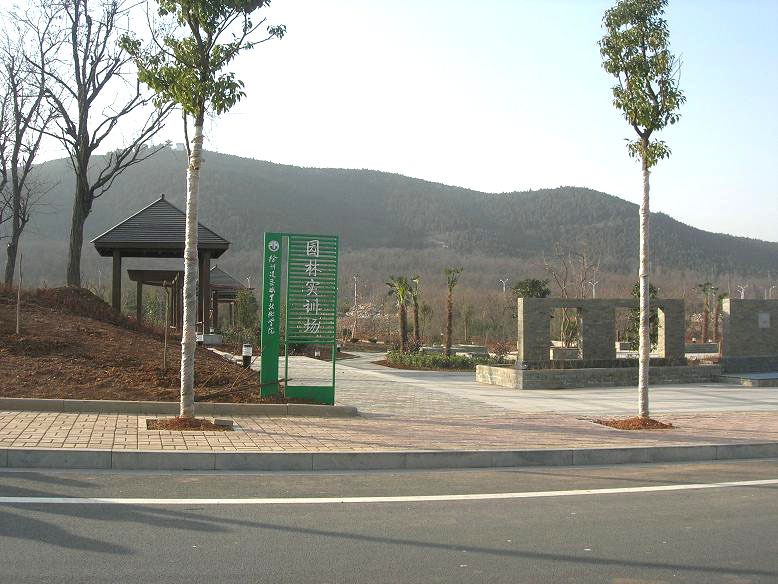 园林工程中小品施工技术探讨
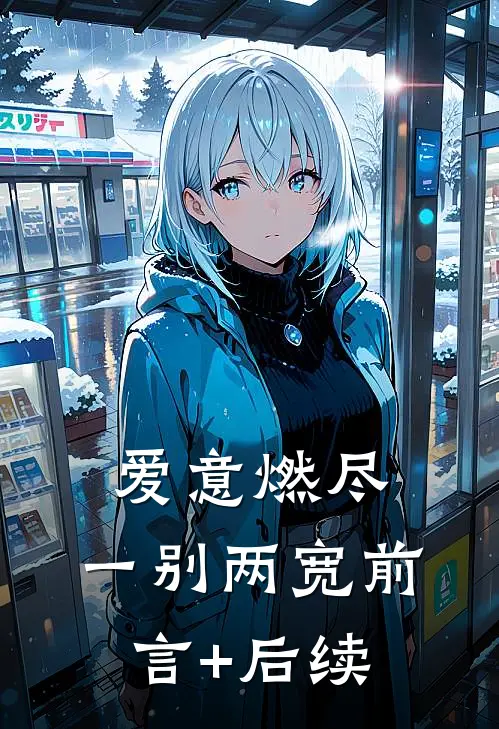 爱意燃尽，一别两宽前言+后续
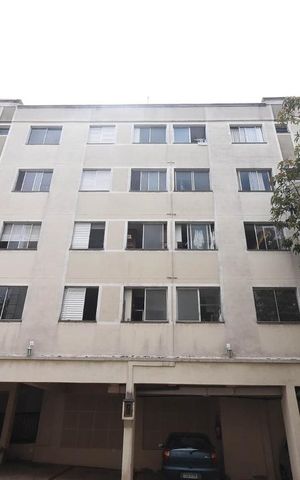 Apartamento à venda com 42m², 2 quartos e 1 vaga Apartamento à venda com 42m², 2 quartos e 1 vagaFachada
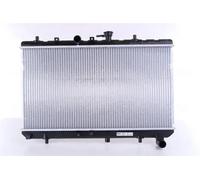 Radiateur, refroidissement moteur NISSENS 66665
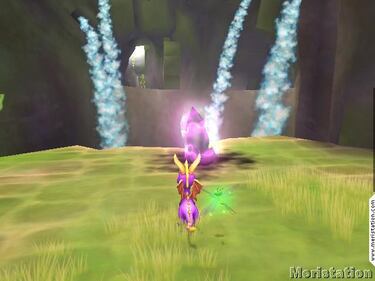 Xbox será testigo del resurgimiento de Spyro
# # #
WHAT YOU NEED TO DO: From the line with "爱意燃尽，一别两宽前言+后续" through the final line of the data above, copy everything exactly, both ends included, but not the pictures.

RESPONSE TO THE EXERCISE:
 爱意燃尽，一别两宽前言+后续
 Apartamento à venda com 42m², 2 quartos e 1 vaga Apartamento à venda com 42m², 2 quartos e 1 vagaFachada
 Radiateur, refroidissement moteur NISSENS 66665
 Xbox será testigo del resurgimiento de Spyro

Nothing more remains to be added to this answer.